Why focusing too much on the numbers can be a bad thing

Why focusing too much on the numbers can be a bad thing

I recently visited the store of a well-known telecommunications provider to make a change to my account. The store assistant who dealt with me was excellent – he walked me through the problem and found me a swift solution.

As I was about to leave the store, he mentioned that I would soon receive a customer experience survey by text.

So far, so normal.

Then he lowered his voice. “Just so you know, only a 9 or 10 is a good score, so it would be good if you could remember that if you respond. I need a few high scores to keep my bonus.”

I was probably going to give a high score anyway, so why does this matter? For starters, what if I had had a negative experience, but decided to provide a high rating because I wanted to be a good human being and help the assistant to get their bonus?

That story is an example of where measurement can go wrong. Rather than allowing the provider to get an accurate measure of customer experience, it has encouraged employees to play the game and manipulate the results.

However, this issue isn’t limited to the measurement of customer experience.

Take timesheets, which many professional services organizations, including research agencies, often use.

In theory, timesheets allow managers to monitor their most precious resource – employees’ time – to understand which projects and clients are profitable. It can also help them to identify individuals who have availability when a new project is starting.

The reality can be different.
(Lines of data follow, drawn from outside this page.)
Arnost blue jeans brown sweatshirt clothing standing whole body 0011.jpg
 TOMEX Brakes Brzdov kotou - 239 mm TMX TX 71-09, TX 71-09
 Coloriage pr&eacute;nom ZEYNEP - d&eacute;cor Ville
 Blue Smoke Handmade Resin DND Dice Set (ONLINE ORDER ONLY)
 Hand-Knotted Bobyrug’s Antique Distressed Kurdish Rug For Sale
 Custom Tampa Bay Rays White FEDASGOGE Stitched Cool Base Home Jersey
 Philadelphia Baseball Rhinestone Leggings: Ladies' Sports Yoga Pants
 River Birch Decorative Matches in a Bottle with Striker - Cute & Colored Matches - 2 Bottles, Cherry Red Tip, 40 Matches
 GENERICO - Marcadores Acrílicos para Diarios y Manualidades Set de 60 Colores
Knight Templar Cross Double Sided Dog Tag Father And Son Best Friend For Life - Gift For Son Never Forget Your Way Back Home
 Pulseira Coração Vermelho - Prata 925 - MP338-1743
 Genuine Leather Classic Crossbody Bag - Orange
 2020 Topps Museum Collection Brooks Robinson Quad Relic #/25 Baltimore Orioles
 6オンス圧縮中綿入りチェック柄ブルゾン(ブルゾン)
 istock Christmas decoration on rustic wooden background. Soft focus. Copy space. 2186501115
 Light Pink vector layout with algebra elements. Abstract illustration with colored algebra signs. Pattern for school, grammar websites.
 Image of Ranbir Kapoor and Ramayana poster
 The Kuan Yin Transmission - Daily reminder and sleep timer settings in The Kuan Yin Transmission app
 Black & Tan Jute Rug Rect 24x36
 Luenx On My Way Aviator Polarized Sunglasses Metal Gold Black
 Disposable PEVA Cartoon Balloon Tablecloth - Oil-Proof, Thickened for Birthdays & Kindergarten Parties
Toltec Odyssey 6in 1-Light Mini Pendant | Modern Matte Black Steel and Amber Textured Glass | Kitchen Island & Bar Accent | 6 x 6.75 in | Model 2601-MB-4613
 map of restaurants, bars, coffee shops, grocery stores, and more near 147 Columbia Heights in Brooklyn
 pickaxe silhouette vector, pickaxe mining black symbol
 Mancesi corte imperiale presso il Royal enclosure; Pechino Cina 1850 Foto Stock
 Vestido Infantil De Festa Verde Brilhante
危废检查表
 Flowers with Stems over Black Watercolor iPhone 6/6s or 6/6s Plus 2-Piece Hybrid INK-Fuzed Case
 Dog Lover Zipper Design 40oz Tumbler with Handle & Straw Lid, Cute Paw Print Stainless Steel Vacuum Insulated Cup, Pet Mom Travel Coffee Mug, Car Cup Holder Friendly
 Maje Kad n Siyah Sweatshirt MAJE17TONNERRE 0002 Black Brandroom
Many organizations with timesheets use the data to inform decisions about employees. For example, those who have worked enough billable hours become eligible for a bonus, while those who haven’t become candidates for redundancy.

Therefore, employees are ‘incentivized’ to manipulate their timesheets to make it look like they’re working more than they are. Even in quiet periods, everyone seems to be busy, and there is limited capacity in the business.

That isn’t to say that measurement is terrible. Far from it. It is a critical tool in the management of any business.

But measurement needs to be done with care. In the case of measuring customer experience, here’s what we suggest:

  • Keep it confidential – it encourages honesty and reduces situations the likelihood of a store assistant following up with a customer to ask why they gave a specific score
  • Ensure you don’t just rely on ‘transactional’ measures – while it’s good to get a measure of satisfaction with each transaction, these measures are the easiest to manipulate. More strategic scores that look at performance across a specific time period can be captured without involving store assistants or Account Managers. Therefore, the totality of the service experience drives the ratings, and there is less incentive to manipulate them. As a result, strategic measures are an excellent complement to transactional ones – they can identify trends that may be masked by transactional studies due to manipulation
  • Prevent manipulation – include a question in the survey to ensure participants haven’t been ‘primed’ and occasionally ‘mystery shop’ surveys to explore if manipulation is standard
  • Re-define reward – financial incentives are powerful motivators, but if the distribution of the incentive is solely linked to your experience score, you will drive the manipulation of scores. It’s better if experience scores aren’t the sole component



Measurement is a good thing. However, companies often set up systems that incentivize data manipulation. If you’re going to measure, it’s essential to do it well.

In the case of measuring customer experience, we suggest: keeping it confidential; ensuring you don’t just rely on ‘transactional measures’; taking steps to prevent manipulation; re-defining rewards.